Dataset →
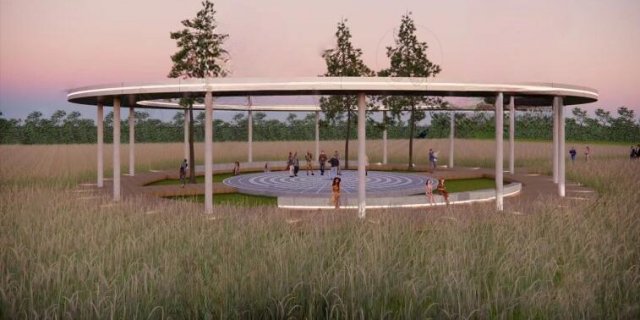 SU model of paddy field central landscape Model 3D .c4d .max .obj .3ds .fbx .stl .blend 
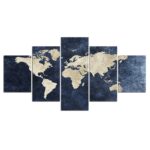 Tableau carte du monde moderne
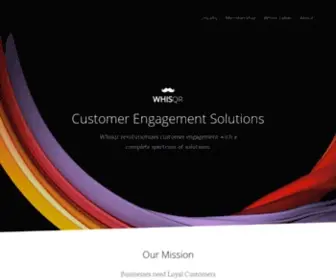 Whisqr.com(Whisqr revolutionizes Customer Engagement) Screenshot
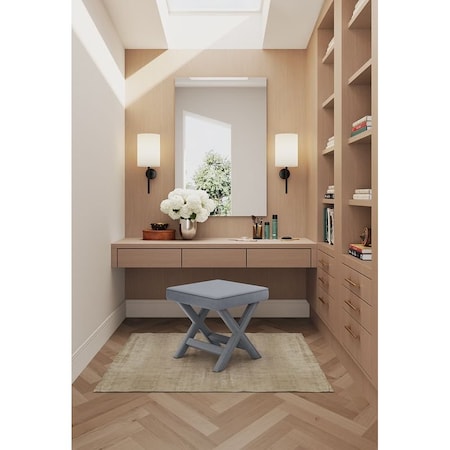 Manhattan Comfort Abigail Single Ottoman Bench in Grey OT004-GY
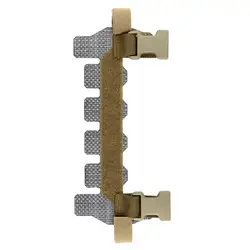 Chaleco táctico MOLLE con placa conversión de pecho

What is expected → Exactly as written, reproduce the lines from the one containing "Tableau carte du monde moderne" through the last line of the entries above, and leave every picture out.

Reply to the exercise →
 Tableau carte du monde moderne
 Whisqr.com(Whisqr revolutionizes Customer Engagement) Screenshot
 Manhattan Comfort Abigail Single Ottoman Bench in Grey OT004-GY
 Chaleco táctico MOLLE con placa conversión de pecho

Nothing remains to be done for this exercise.